Not having current health insurance does not automatically answer whether you can become a surrogate. It means the coverage plan needs to be reviewed before transfer-related medical steps. The team needs to know who provides or pays for pregnancy-related coverage, when coverage begins, what exclusions apply, and how denied or uncovered claims would be handled.
Why coverage review comes before transfer
ASRM guidance says gestational-carrier agreements should address coverage for medical expenses, financial arrangements, risk allocation, and escrow arrangements. Insurance is part of that planning because pregnancy care, delivery, complications, medications, hospital billing, and newborn-related coordination can be expensive and time-sensitive.
No one should move into a transfer plan while assuming coverage will somehow be handled later.
What coverage options may be reviewed
Depending on timing and eligibility, the team may review an existing employer plan, spouse or family coverage, Marketplace coverage, Medicaid or CHIP eligibility, a separate surrogacy-friendly policy, or another approved coverage arrangement. HealthCare.gov explains that qualified health plans generally cover pregnancy and childbirth and that Medicaid/CHIP eligibility rules vary by state, but surrogacy-specific exclusions and coordination rules still need careful review.
The right option depends on state, timing, household facts, plan terms, clinic requirements, legal agreement, and intended-parent responsibilities.
What "covered" needs to mean
Coverage should be clear enough for real pregnancy care, not just a checkbox on an application. The team should understand prenatal care, delivery hospital, emergency care, complications, maternal-fetal medicine if needed, prescription coverage, deductibles, copays, out-of-pocket maximums, and claims routing. If the coverage only works at a hospital far from the surrogate's home or excludes the agreed OB/GYN, the plan may not be practical.
Questions to ask before matching
- Do I need coverage before matching or before legal clearance?
- Who pays premiums, deductibles, copays, and out-of-pocket costs?
- Does the policy have a surrogacy exclusion or lien language?
- Which hospital and OB/GYN are in network?
- When does coverage begin?
- What happens if the policy changes during pregnancy?
- Who handles denied claims?
- Is a separate policy needed?
- How are uncovered complications handled?
What Patriot Conceptions can coordinate
Patriot Conceptions can help gather policy documents, coordinate insurance review, align the intended parents and legal team, and track coverage timing. The agency can help organize the process, but it cannot guarantee that a plan will approve claims or replace insurer, legal, or benefits-administrator decisions.
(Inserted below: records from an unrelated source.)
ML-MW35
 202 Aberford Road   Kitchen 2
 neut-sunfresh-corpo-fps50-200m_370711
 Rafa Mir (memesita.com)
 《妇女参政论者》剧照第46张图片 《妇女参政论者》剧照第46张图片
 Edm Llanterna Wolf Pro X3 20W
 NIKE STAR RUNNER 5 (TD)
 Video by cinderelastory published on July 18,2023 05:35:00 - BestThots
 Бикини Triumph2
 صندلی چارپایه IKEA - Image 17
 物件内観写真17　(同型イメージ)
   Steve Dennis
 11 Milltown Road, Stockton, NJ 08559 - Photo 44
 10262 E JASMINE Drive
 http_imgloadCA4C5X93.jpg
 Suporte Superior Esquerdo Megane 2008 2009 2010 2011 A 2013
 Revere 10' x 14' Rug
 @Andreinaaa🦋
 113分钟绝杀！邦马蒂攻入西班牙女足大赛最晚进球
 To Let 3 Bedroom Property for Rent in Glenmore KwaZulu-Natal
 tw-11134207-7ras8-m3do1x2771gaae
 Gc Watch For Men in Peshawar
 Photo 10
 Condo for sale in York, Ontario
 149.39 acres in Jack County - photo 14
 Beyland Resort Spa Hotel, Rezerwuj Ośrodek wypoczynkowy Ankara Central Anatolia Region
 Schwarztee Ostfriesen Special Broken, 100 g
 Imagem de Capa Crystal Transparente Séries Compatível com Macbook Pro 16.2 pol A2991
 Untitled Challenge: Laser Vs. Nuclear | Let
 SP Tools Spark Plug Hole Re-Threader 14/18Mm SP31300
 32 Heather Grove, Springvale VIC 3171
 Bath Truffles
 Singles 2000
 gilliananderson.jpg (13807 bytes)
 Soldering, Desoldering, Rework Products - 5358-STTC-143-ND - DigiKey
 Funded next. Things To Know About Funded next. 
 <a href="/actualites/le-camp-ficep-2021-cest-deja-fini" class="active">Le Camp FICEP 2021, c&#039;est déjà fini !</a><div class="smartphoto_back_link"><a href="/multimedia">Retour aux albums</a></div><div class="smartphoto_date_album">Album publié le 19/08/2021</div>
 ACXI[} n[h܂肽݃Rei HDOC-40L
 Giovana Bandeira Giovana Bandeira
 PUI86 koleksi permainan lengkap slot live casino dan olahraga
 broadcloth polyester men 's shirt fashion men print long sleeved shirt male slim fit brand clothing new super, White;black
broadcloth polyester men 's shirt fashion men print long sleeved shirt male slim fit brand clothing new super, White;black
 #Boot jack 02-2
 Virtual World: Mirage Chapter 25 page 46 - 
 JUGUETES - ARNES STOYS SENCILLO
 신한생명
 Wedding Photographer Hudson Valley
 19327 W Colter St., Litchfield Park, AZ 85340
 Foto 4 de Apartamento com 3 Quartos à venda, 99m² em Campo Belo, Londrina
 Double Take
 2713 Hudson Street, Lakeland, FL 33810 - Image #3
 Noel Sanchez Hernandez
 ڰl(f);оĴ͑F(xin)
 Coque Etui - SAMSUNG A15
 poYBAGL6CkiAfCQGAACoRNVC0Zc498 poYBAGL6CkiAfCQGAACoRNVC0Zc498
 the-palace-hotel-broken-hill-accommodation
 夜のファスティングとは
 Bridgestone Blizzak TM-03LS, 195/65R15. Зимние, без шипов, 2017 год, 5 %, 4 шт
If coverage is not workable
If a policy has an exclusion or timing problem, the team may need to pause, seek a different coverage option, adjust the match timeline, or decide not to proceed. That is frustrating, but it is better than discovering the issue after transfer or during pregnancy.
If coverage changes mid-journey
Tell the coordinator immediately if you lose coverage, change jobs, move, receive a cancellation notice, add or remove dependents, or receive a claim denial. Coverage changes can affect appointment scheduling, hospital planning, and payment responsibilities. Early notice gives the team time to involve the intended parents, legal counsel, insurance reviewer, and clinic before bills accumulate.
Next steps
This page is educational information only and is not insurance, legal, tax, or medical advice. Confirm coverage with the insurer, benefits administrator, legal counsel, and care team before transfer planning.